The women are fiercely out of the closet.

“When I came out I decided not to go stealth,” Harris says. “I was going to be myself.”

“I’m not going to go from one closet to another,” McNeil says.

And they’re both incredibly open about their experiences. They each invite people in their lives and places of work to ask them any questions about their transitions or lives as transwomen. This has led Harris to field some strange questions.

Following a staff meeting in which Harris came out to her colleagues at work, a co-worker came up to her and confessed he had been carrying a “similar” secret: a fondness for S&M sex.

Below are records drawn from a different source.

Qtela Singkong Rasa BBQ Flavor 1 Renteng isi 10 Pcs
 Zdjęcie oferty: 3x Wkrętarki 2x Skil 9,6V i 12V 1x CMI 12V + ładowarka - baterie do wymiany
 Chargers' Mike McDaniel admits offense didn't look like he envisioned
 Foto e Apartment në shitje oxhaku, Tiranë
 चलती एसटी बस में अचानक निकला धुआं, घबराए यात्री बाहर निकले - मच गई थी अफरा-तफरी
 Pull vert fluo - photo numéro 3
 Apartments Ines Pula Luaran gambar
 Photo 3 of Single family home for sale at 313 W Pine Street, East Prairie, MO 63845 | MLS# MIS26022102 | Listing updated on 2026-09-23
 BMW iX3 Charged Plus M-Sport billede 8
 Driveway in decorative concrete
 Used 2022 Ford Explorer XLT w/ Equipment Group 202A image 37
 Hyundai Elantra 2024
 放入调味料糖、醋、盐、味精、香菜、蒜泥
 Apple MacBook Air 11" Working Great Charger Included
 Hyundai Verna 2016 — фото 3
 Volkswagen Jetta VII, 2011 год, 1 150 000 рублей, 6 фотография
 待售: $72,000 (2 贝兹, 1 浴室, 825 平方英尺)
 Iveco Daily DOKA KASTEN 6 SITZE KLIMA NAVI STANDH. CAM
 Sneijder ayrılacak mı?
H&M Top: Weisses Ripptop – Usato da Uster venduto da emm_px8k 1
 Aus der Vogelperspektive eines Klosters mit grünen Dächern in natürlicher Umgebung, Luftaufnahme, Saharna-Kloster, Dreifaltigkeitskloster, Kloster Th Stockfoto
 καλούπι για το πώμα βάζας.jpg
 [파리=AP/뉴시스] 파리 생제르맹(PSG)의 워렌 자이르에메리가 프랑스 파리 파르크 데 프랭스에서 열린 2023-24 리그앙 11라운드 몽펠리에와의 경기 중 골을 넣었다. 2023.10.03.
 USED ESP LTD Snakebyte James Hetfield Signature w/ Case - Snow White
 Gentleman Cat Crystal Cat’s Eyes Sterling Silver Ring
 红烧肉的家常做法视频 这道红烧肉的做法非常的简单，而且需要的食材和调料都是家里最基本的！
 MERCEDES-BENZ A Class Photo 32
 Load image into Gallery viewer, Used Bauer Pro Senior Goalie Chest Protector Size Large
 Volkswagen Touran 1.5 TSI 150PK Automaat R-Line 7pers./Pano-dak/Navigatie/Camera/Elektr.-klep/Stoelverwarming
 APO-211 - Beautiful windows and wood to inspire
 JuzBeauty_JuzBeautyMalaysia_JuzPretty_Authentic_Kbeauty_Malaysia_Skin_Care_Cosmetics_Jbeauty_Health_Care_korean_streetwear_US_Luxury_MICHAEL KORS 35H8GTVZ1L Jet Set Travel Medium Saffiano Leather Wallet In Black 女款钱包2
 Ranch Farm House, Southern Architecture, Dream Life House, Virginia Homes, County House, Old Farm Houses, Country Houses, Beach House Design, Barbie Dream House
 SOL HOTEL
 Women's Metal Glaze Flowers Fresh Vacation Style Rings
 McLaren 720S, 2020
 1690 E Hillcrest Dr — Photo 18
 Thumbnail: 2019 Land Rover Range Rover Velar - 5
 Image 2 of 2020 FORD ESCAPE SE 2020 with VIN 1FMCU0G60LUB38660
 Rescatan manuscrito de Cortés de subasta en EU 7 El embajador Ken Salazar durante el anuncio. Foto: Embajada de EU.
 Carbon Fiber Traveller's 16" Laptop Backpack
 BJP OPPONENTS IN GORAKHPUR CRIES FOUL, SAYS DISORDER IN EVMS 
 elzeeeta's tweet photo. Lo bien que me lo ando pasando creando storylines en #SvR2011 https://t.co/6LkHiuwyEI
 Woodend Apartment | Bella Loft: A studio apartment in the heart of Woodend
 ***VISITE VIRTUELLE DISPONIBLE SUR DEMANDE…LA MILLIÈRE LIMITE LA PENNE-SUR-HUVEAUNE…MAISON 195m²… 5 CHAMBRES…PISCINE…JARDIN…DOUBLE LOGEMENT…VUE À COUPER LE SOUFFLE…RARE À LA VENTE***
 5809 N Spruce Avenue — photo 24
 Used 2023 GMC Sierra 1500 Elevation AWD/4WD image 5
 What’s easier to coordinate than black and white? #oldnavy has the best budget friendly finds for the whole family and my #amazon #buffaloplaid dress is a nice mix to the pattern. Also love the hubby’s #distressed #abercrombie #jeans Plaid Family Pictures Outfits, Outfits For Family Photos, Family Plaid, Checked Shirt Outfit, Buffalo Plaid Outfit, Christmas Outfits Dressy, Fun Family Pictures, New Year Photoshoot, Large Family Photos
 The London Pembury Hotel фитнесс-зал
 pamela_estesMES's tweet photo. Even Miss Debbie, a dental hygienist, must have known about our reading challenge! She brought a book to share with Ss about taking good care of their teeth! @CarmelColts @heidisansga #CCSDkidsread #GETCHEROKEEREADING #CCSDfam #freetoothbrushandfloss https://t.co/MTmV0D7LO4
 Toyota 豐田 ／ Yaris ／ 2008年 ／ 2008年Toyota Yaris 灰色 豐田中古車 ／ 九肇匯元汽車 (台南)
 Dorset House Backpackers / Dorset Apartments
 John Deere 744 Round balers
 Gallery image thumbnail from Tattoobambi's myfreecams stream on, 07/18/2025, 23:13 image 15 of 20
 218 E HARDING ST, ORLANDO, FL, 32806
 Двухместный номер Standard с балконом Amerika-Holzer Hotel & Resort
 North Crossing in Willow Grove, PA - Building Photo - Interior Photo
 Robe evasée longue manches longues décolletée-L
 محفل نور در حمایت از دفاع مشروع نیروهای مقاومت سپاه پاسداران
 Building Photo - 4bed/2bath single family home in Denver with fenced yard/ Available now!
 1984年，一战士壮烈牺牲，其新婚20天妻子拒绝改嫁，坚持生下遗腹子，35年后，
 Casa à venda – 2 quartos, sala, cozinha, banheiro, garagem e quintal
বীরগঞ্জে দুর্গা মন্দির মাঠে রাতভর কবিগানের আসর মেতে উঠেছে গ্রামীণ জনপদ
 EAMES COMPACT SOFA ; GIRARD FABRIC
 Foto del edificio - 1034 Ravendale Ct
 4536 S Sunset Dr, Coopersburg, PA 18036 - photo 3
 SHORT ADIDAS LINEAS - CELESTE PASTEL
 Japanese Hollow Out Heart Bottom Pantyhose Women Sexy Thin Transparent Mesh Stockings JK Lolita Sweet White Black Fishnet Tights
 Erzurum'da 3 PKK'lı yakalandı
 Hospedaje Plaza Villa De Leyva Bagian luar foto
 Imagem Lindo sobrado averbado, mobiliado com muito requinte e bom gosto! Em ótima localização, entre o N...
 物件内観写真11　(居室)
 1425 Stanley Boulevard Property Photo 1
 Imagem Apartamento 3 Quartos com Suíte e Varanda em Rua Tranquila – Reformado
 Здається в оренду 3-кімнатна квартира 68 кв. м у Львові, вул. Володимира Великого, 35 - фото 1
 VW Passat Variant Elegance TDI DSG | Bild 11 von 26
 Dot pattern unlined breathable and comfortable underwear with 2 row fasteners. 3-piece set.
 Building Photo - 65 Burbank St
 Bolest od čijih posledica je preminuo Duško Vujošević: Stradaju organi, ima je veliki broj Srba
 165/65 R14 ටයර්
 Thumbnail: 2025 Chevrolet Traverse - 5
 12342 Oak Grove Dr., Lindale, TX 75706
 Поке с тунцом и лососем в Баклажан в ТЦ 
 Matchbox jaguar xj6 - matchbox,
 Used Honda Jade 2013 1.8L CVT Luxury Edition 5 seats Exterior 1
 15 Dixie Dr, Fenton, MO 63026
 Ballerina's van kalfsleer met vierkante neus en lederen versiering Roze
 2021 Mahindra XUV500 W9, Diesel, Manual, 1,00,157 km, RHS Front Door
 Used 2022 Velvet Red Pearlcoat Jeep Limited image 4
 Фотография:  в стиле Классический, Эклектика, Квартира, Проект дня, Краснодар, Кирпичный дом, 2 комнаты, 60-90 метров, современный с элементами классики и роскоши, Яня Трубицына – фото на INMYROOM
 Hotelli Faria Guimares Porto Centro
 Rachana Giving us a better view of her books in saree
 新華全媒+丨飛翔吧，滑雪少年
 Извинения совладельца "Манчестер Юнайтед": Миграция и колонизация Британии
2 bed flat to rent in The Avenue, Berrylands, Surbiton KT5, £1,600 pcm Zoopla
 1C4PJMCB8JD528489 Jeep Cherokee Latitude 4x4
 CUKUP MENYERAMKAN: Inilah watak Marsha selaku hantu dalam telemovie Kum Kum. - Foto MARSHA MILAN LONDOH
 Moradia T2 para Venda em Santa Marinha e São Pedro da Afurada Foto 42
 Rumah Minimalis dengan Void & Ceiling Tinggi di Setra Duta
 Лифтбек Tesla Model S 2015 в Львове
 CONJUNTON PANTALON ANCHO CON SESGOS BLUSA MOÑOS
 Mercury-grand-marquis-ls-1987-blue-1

“So, I’m like okay, that’s not the same thing, but thanks for sharing,” Harris says. “People have asked me about my surgery. I tell them, it’s graphic, if you really want to know I’ll tell you and a couple people have wanted to whole story.”

Harris and McNeil do speaking engagements all over New England and organize an annual trans picnic at their home. They are active in Pioneer Valley UniTy, an established transgender support program, and reach out to young people in transition to offer support.

When love is a political act, says Harris, you need to spread it far and wide — with pride.

“We’re really lucky to have found each other to share this eclectic life with,” Harris says, giving McNeil a kiss.

And now that they’ve found love, they’re not going to lose it.

“When I woke up on Nov. 9, I decided as a result of the election, I would need to be there, much more out there and open,” says Harris. “No one is shoving me back in the closet.”